Caption-style text data:
= = = =

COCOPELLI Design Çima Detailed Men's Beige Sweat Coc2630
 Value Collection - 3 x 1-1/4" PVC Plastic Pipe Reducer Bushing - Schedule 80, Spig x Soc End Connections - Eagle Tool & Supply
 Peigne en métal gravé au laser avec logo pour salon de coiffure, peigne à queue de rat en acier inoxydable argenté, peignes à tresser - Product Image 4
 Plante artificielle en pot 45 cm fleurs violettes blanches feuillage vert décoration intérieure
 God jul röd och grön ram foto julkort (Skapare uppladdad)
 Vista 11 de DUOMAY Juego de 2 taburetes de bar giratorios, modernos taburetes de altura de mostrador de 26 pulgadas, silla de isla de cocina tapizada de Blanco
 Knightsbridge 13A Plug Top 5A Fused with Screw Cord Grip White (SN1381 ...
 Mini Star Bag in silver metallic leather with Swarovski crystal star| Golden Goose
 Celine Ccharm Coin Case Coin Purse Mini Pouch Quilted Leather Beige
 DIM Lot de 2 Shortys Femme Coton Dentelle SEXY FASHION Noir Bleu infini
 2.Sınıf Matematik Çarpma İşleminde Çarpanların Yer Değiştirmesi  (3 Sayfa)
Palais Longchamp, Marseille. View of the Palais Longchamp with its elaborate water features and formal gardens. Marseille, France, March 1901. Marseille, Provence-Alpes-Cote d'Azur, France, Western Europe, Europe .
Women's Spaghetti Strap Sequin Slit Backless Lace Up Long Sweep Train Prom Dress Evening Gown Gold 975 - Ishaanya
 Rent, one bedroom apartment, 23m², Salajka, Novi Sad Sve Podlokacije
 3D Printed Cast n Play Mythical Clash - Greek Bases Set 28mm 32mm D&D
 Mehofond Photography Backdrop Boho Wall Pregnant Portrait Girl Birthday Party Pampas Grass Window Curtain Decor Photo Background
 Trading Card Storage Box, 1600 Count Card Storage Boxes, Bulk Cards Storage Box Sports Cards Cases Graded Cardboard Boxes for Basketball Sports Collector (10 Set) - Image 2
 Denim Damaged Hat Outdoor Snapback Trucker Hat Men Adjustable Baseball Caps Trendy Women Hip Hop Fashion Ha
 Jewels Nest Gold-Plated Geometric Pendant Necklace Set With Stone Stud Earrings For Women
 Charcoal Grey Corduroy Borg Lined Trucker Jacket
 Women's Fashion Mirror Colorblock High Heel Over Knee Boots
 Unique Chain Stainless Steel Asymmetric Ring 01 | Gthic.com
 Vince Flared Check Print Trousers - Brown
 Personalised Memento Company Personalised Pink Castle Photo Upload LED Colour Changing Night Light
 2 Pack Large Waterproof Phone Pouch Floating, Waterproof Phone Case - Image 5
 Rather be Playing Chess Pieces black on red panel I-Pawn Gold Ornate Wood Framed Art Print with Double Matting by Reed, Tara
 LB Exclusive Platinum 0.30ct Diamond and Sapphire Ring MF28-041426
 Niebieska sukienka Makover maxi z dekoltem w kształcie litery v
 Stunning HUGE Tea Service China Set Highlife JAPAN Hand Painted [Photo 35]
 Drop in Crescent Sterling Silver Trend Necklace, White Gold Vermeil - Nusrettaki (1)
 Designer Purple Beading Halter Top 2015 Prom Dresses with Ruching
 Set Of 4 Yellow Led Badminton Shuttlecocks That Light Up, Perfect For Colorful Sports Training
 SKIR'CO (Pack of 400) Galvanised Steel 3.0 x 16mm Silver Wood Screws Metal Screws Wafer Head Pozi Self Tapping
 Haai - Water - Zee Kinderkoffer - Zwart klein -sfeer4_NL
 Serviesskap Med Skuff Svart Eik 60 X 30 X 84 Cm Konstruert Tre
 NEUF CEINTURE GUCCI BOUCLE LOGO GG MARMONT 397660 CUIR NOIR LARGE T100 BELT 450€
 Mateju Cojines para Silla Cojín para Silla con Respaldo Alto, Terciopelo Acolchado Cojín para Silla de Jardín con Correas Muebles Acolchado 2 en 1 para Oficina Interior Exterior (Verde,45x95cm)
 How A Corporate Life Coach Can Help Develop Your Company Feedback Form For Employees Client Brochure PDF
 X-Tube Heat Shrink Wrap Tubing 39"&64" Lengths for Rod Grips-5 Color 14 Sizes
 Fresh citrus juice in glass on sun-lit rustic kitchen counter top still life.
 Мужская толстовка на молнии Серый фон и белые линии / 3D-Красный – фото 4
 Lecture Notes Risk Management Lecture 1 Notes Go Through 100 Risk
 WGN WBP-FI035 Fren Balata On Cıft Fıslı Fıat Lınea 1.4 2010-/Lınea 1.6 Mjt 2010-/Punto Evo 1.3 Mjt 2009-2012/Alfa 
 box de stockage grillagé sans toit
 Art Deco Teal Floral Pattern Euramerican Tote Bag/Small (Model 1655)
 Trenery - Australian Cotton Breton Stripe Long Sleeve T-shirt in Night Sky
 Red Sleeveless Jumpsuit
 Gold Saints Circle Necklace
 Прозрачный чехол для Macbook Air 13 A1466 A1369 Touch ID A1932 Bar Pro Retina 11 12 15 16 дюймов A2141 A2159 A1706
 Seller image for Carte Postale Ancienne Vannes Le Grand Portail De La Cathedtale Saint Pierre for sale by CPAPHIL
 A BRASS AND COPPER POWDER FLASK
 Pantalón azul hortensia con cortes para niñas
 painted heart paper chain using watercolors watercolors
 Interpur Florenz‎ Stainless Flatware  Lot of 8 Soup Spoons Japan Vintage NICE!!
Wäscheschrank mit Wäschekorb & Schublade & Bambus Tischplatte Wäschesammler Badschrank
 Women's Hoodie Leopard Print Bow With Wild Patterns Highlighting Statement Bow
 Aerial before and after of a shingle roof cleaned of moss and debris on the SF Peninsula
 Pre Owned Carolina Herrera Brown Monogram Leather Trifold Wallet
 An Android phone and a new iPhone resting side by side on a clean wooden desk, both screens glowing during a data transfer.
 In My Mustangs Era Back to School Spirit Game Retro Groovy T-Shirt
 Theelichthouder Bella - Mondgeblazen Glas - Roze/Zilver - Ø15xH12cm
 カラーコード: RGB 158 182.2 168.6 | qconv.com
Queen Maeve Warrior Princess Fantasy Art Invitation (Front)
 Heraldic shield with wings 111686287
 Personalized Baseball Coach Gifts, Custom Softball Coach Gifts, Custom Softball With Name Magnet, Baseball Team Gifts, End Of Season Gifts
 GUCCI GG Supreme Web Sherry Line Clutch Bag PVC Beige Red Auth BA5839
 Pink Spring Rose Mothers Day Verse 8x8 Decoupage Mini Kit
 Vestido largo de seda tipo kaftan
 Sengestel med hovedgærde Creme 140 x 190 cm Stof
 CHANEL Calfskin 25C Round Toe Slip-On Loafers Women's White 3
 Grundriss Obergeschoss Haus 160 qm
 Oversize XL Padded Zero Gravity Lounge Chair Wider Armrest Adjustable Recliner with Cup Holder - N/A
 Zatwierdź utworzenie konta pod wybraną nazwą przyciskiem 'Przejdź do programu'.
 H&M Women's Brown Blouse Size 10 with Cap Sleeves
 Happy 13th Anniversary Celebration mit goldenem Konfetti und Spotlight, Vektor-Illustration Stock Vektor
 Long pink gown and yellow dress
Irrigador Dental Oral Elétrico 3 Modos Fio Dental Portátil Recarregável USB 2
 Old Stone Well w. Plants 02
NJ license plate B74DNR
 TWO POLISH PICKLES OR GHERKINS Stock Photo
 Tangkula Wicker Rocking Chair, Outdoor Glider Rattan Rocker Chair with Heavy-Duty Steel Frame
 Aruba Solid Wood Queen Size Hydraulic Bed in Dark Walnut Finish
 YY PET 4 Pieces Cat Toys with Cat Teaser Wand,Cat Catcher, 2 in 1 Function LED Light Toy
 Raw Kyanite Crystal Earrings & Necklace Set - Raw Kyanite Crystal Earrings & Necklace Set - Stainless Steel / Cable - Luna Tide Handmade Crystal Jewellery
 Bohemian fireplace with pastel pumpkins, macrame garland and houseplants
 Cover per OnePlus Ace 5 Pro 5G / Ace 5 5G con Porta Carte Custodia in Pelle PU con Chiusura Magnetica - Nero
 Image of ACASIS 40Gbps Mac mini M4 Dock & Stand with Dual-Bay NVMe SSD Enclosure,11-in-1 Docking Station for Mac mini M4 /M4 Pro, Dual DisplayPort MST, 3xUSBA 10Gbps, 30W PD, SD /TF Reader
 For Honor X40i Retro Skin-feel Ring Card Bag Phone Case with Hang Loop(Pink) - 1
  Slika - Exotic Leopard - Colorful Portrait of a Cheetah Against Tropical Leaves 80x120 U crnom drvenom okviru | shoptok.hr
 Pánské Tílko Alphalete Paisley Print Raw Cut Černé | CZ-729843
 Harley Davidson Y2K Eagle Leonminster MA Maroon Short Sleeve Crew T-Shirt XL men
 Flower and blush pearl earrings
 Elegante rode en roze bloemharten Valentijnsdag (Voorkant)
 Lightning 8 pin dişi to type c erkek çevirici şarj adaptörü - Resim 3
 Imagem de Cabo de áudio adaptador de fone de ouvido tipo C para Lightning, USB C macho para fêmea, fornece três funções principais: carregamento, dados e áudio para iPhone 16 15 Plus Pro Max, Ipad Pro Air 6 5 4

= = = =

» **Exercise**
Of the entries listed above, reproduce only the lines starting at the line containing "Mateju Cojines para" and ending at the line containing "How A Corporate". Include both, exactly as they stand.

» **Response area**
 Mateju Cojines para Silla Cojín para Silla con Respaldo Alto, Terciopelo Acolchado Cojín para Silla de Jardín con Correas Muebles Acolchado 2 en 1 para Oficina Interior Exterior (Verde,45x95cm)
 How A Corporate Life Coach Can Help Develop Your Company Feedback Form For Employees Client Brochure PDF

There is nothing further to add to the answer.